Not quite. The above example has the same value for the range query's step and the subquery's step. If the subquery's step doesn't divide evenly into the query range's this doesn't work, and this will often be the case. Say that the range query was starting at t=100, with a 3s step. The subquery was going back 20s, with a 5s step. So the first range query step needs samples at t=80, 85, 90, 95 and 100. The second step needs samples at t=83, 88, 83, 98, and 103. This gets us back to situation similar to where we were when each range query step was calculated completely independently, losing the wins of the 2.3.0 improvements.
For more fun, there's also the possibility of nested subqueries.
And there's another problem. One of the design principles of PromQL and the Prometheus query APIs is that range queries are merely syntactic sugar over instant query. Sure that got inverted in the implementation of 2.3.0 for performance reasons, but the principle stands and there's even unittests to avoid accidentally violating it in future.
So we need something that's not only efficient, but maintains consistent results whether an evaluation at a given timestamp is as an instant query or just one step of a range query.
The solution I came up with was to completely ignore the alignment of the surrounding query. That is whether the query range step being evaluated for is t=100 or t=103 it'd be getting data from the same subquery output. So in the above example it'd always be (say) samples at t=80, 85, 90, 95, 100, 105 etc. and we provide an appropriate range vector as needed to the next stage in the PromQL evaluation - just like a normal time series.

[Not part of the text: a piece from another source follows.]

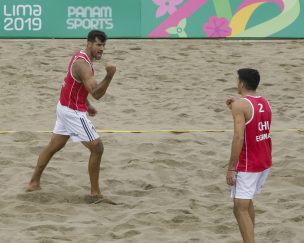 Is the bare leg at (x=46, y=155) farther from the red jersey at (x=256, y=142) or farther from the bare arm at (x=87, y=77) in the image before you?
the red jersey at (x=256, y=142)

This is conveniently also consistent with another design decision of Prometheus, which is you can configure your scrape and evaluation intervals but it's unspecified at exactly what phase Prometheus will actually perform things at. So t=80, 85 is just as valid as t=84.12, 89.12. This was done to allow us to spread scrape and evaluation load around, as trying to do all scrapes at exactly the same time was unwise (which I fixed all the way back in 0.8.0), but also helps here. As there's no processes that we might wish to spread the load of, subqueries currently align everything with t=0 as that's as good a choice as any. That's technically unspecified just as with phases elsewhere, but I don't currently see a reason that we'd want to change it.
So if you ever find yourself wondering why software X doesn't add feature Y, keep in mind that there's often more to it than it would appear at first.